En 2018, Trump n’avait pas non plus apprécié l’idée de Macron sur la création d’une armée européenne pour se protéger des Etats-Unis, de la Chine et de la Russie. « Le président Macron vient de suggérer que l’Europe crée sa propre armée afin de se protéger des Etats-Unis, la Chine et la Russie. Très insultant, mais peut-être que l’Europe devrait d’abord payer sa juste part à l’OTAN que les Etats-Unis financent largement », s’indignait Trump en novembre 2018 lors de sa participation en France à la commémoration du centenaire de la fin de la première guerre mondiale.
Le dernier détail à souligner est le désaccord profond entre les deux chefs d’Etat sur les termes utilisés pour dérouler leurs visions du monde. En effet, quand Macron dit que le nationalisme était une trahison du patriotisme, aux Etats-Unis, cette définition ne peut être acceptée par Trump et son administration. « Vous savez ce que je suis ? Je suis un nationaliste », lançait d’ailleurs Trump lors d’un meeting.
A partir de là, les relations entre les deux présidents sont au point mort. Ce qu’il faut surtout comprendre dans la fin de cette lune de miel entre le président français et américain est l’opposition de deux visions du monde. Une (macronienne) inclusive, plus large qui consiste à impliquer tous les acteurs pour faire face aux défis qui sont devant nous et une autre (trumpiste) qui consiste à toujours mettre l’Amérique en avant au détriment des autres nations.
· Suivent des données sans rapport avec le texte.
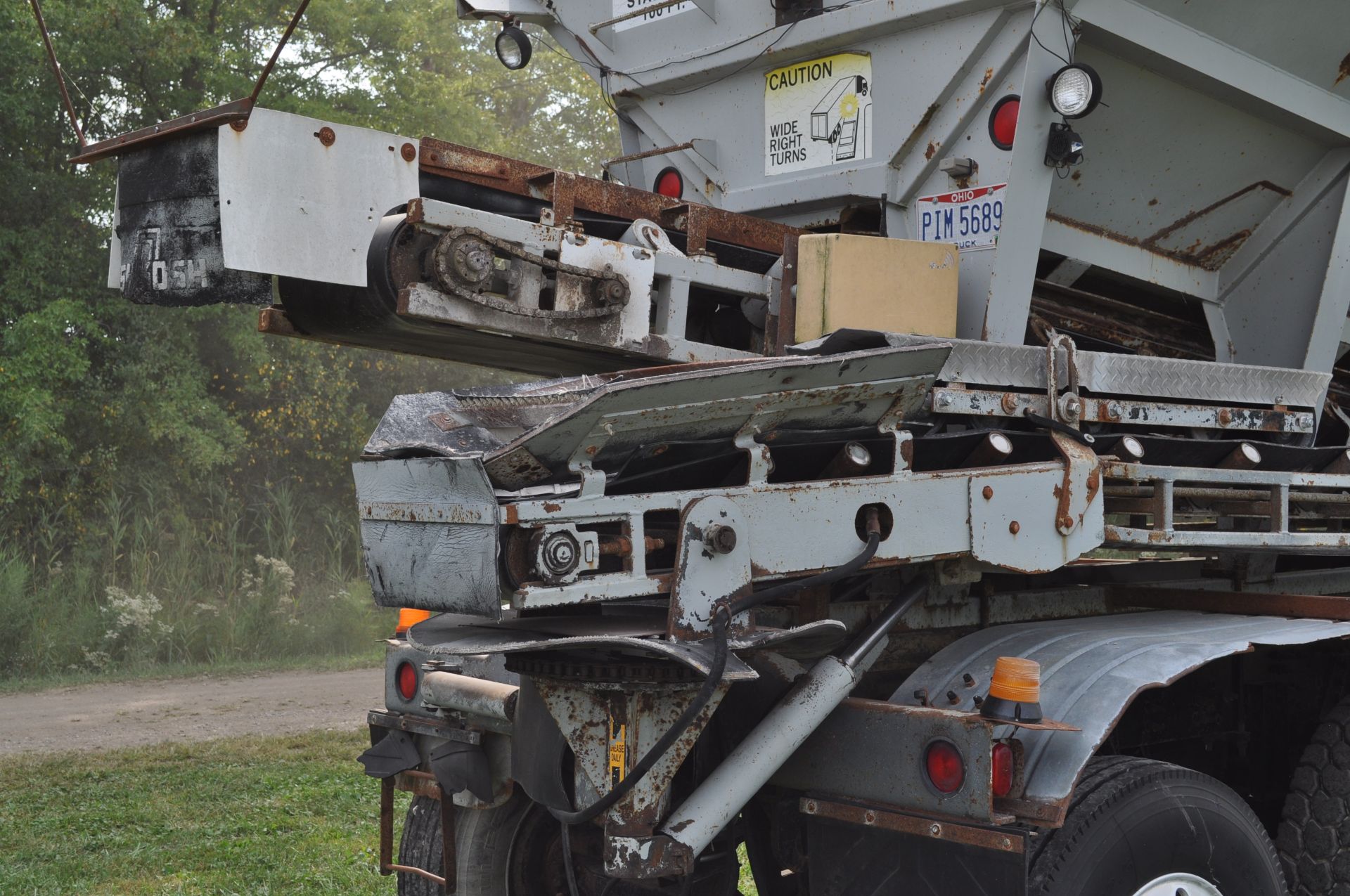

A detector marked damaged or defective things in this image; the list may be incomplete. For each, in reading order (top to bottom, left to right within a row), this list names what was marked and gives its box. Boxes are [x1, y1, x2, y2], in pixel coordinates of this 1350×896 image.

En conséquence, il n’y avait aucune chance que ces deux visions puissent cohabiter longtemps en dépit des énormes tentatives de Macron. Et le fait qu’elles (les deux visions) soient entrées en collision est tout à fait dans l’ordre des choses. Désormais, à quoi faut-il s’attendre ? A une éventuelle normalisation des relations entre les deux pays ou à une radicalisation des positions des deux côtés ? La seconde hypothèse me semble plus probable.
En tout cas, pour celles et ceux qui souhaitaient assister à un véritable rapprochement entre les Etats-Unis et la France, il faudra malheureusement attendre encore quelques années, lorsque Donald Trump cessera d’être président de la première puissance économique du monde.